[Dataset items]
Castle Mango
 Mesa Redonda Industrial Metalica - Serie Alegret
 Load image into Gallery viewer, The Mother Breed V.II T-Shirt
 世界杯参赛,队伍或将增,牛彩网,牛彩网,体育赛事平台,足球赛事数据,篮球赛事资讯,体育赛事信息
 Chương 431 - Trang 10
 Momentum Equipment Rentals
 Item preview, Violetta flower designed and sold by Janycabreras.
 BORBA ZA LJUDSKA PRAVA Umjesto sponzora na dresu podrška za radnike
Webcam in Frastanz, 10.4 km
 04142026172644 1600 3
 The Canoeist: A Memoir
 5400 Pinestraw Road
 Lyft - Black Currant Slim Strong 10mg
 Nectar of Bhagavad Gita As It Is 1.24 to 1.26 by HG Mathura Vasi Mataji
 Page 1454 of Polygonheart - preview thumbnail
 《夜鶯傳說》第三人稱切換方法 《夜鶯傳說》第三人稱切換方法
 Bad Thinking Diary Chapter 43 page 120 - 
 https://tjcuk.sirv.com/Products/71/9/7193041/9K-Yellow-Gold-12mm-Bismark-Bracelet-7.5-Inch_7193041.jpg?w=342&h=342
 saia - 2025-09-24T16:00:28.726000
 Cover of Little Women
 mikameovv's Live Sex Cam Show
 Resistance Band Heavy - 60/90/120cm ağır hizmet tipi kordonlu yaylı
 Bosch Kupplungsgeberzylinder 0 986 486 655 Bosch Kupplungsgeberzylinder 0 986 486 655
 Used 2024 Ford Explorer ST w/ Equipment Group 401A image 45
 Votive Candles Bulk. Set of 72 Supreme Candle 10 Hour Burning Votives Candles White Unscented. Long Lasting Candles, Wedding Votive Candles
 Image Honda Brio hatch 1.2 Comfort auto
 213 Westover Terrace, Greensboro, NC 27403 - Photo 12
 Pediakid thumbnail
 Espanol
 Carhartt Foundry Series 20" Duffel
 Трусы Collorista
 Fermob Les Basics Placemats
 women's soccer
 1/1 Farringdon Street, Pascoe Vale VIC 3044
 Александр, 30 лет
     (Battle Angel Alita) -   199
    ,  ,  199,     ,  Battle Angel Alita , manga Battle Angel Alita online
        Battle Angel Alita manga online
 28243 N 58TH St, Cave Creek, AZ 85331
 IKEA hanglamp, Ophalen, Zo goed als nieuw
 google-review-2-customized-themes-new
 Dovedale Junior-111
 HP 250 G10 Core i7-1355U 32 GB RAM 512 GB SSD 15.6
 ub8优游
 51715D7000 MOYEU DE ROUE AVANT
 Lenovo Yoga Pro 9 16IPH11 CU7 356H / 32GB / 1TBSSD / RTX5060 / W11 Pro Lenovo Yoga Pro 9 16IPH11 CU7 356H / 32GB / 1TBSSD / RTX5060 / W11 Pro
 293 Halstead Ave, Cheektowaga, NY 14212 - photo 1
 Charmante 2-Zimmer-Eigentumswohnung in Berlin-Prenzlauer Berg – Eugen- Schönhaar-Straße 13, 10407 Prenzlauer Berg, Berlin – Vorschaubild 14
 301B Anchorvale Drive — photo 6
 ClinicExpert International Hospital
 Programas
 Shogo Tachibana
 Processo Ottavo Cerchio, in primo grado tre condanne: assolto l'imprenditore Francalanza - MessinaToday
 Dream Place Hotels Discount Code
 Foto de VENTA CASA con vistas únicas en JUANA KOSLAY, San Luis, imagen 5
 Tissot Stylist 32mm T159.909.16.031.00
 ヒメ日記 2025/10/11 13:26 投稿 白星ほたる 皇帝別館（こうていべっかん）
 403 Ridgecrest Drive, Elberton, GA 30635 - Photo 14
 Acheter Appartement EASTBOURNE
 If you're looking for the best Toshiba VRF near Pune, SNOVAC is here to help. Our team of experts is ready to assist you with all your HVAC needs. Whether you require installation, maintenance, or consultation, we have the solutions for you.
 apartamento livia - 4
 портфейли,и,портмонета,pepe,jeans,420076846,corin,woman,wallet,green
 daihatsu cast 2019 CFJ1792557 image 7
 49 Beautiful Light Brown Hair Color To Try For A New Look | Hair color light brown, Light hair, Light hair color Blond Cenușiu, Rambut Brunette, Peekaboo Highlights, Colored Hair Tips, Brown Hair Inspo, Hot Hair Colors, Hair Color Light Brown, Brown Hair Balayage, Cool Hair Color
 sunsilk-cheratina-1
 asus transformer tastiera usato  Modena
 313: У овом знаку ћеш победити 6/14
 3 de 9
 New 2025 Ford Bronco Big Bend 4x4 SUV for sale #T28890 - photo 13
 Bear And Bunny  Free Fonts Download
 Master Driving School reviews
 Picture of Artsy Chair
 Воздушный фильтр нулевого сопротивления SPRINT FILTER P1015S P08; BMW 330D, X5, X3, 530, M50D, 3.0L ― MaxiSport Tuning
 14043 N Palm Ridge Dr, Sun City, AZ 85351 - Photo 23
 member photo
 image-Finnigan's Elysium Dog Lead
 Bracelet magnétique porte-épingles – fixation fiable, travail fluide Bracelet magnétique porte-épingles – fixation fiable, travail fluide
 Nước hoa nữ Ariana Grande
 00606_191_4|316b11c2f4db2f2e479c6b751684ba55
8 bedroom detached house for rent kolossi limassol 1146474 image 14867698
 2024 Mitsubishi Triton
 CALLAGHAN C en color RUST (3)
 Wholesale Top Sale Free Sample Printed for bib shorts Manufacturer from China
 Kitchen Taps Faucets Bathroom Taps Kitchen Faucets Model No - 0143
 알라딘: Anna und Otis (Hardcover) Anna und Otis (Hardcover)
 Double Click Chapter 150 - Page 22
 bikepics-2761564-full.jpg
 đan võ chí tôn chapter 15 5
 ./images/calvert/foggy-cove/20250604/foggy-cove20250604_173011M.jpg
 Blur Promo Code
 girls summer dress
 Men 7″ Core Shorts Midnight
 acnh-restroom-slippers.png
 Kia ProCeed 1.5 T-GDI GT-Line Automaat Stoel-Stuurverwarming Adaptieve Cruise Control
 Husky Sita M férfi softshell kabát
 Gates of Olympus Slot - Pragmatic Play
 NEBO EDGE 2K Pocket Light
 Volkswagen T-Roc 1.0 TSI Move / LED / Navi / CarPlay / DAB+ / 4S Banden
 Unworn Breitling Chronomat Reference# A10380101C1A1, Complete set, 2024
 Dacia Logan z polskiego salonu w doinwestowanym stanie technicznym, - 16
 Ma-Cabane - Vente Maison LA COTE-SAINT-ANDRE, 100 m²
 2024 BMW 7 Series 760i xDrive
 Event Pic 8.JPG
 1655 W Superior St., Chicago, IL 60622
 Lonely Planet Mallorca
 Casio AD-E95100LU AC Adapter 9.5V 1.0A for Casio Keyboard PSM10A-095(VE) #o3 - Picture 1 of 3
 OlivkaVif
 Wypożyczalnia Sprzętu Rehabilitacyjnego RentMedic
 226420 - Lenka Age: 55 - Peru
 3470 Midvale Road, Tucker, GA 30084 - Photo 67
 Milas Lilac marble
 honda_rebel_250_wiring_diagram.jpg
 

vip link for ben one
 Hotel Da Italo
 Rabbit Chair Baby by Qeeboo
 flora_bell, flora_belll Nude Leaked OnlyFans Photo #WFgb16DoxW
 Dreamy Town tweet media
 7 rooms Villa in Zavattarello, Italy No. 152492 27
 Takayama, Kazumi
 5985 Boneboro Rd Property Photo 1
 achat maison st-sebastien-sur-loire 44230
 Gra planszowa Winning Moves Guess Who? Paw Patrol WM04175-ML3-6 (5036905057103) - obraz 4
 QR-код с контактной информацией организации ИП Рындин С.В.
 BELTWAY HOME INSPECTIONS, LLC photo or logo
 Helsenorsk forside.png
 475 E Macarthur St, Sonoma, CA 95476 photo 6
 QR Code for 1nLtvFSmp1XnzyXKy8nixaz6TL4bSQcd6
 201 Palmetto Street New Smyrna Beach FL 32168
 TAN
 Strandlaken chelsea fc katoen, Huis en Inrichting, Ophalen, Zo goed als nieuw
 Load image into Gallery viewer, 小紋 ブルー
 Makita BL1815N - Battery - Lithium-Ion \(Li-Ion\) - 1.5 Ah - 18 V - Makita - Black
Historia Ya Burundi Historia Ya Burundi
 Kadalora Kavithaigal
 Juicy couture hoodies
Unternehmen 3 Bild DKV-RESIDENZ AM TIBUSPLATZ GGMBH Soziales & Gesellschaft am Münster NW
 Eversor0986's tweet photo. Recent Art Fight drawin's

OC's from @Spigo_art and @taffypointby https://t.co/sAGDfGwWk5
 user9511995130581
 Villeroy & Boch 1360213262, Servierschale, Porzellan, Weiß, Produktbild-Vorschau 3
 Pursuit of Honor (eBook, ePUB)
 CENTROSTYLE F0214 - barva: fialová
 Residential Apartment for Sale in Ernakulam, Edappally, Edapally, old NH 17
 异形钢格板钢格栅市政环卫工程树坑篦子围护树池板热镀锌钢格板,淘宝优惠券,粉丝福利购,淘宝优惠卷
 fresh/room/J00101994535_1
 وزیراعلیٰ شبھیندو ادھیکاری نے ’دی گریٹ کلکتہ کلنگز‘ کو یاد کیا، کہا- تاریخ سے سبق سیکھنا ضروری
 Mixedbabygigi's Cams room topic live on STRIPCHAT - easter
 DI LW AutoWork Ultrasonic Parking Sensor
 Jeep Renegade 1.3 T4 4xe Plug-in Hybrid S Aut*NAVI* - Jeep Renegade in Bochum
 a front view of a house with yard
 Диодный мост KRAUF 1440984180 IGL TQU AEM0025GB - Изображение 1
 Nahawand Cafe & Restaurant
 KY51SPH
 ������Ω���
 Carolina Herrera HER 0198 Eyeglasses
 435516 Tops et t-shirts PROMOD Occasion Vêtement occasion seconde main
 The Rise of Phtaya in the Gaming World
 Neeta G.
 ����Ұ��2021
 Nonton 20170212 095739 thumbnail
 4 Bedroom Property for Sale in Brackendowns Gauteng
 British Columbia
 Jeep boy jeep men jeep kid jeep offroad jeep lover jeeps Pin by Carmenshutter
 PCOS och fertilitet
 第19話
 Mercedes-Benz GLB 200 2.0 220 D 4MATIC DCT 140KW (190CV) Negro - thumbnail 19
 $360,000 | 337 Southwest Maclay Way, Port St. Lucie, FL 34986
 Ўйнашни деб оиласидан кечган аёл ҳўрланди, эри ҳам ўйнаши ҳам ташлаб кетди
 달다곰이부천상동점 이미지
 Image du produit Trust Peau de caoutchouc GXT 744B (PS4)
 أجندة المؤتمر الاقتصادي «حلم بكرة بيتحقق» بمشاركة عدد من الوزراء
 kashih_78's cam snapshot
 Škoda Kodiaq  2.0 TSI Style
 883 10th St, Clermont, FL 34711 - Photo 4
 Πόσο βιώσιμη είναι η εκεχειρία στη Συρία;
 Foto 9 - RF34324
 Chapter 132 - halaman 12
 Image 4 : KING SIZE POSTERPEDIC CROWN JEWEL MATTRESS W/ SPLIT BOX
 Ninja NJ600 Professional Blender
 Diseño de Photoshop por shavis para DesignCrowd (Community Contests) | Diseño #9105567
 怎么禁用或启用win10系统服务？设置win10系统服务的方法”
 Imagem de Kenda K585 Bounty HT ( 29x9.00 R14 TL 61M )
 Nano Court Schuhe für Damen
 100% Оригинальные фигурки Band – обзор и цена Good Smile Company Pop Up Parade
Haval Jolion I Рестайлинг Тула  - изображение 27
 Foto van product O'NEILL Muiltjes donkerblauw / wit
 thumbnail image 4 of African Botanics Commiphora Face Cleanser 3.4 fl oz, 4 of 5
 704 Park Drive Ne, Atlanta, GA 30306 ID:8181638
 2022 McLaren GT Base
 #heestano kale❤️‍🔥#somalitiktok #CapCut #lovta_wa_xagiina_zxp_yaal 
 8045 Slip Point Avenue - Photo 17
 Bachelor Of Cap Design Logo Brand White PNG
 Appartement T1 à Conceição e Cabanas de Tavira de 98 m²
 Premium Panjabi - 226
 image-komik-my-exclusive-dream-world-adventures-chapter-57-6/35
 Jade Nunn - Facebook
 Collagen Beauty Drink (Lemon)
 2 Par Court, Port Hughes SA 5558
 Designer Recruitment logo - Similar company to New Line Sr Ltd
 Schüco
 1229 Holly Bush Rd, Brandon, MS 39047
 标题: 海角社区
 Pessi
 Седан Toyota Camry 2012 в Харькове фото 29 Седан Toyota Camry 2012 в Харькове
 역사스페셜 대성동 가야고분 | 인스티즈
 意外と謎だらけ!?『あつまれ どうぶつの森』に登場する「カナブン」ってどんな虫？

# Assignment:
From the records above, repeat exactly the lines from the one with "Dovedale Junior-111" through the one with "image-Finnigan's Elysium Dog Lead", both included.

# Result of the task:
 Dovedale Junior-111
 HP 250 G10 Core i7-1355U 32 GB RAM 512 GB SSD 15.6
 ub8优游
 51715D7000 MOYEU DE ROUE AVANT
 Lenovo Yoga Pro 9 16IPH11 CU7 356H / 32GB / 1TBSSD / RTX5060 / W11 Pro Lenovo Yoga Pro 9 16IPH11 CU7 356H / 32GB / 1TBSSD / RTX5060 / W11 Pro
 293 Halstead Ave, Cheektowaga, NY 14212 - photo 1
 Charmante 2-Zimmer-Eigentumswohnung in Berlin-Prenzlauer Berg – Eugen- Schönhaar-Straße 13, 10407 Prenzlauer Berg, Berlin – Vorschaubild 14
 301B Anchorvale Drive — photo 6
 ClinicExpert International Hospital
 Programas
 Shogo Tachibana
 Processo Ottavo Cerchio, in primo grado tre condanne: assolto l'imprenditore Francalanza - MessinaToday
 Dream Place Hotels Discount Code
 Foto de VENTA CASA con vistas únicas en JUANA KOSLAY, San Luis, imagen 5
 Tissot Stylist 32mm T159.909.16.031.00
 ヒメ日記 2025/10/11 13:26 投稿 白星ほたる 皇帝別館（こうていべっかん）
 403 Ridgecrest Drive, Elberton, GA 30635 - Photo 14
 Acheter Appartement EASTBOURNE
 If you're looking for the best Toshiba VRF near Pune, SNOVAC is here to help. Our team of experts is ready to assist you with all your HVAC needs. Whether you require installation, maintenance, or consultation, we have the solutions for you.
 apartamento livia - 4
 портфейли,и,портмонета,pepe,jeans,420076846,corin,woman,wallet,green
 daihatsu cast 2019 CFJ1792557 image 7
 49 Beautiful Light Brown Hair Color To Try For A New Look | Hair color light brown, Light hair, Light hair color Blond Cenușiu, Rambut Brunette, Peekaboo Highlights, Colored Hair Tips, Brown Hair Inspo, Hot Hair Colors, Hair Color Light Brown, Brown Hair Balayage, Cool Hair Color
 sunsilk-cheratina-1
 asus transformer tastiera usato  Modena
 313: У овом знаку ћеш победити 6/14
 3 de 9
 New 2025 Ford Bronco Big Bend 4x4 SUV for sale #T28890 - photo 13
 Bear And Bunny  Free Fonts Download
 Master Driving School reviews
 Picture of Artsy Chair
 Воздушный фильтр нулевого сопротивления SPRINT FILTER P1015S P08; BMW 330D, X5, X3, 530, M50D, 3.0L ― MaxiSport Tuning
 14043 N Palm Ridge Dr, Sun City, AZ 85351 - Photo 23
 member photo
 image-Finnigan's Elysium Dog Lead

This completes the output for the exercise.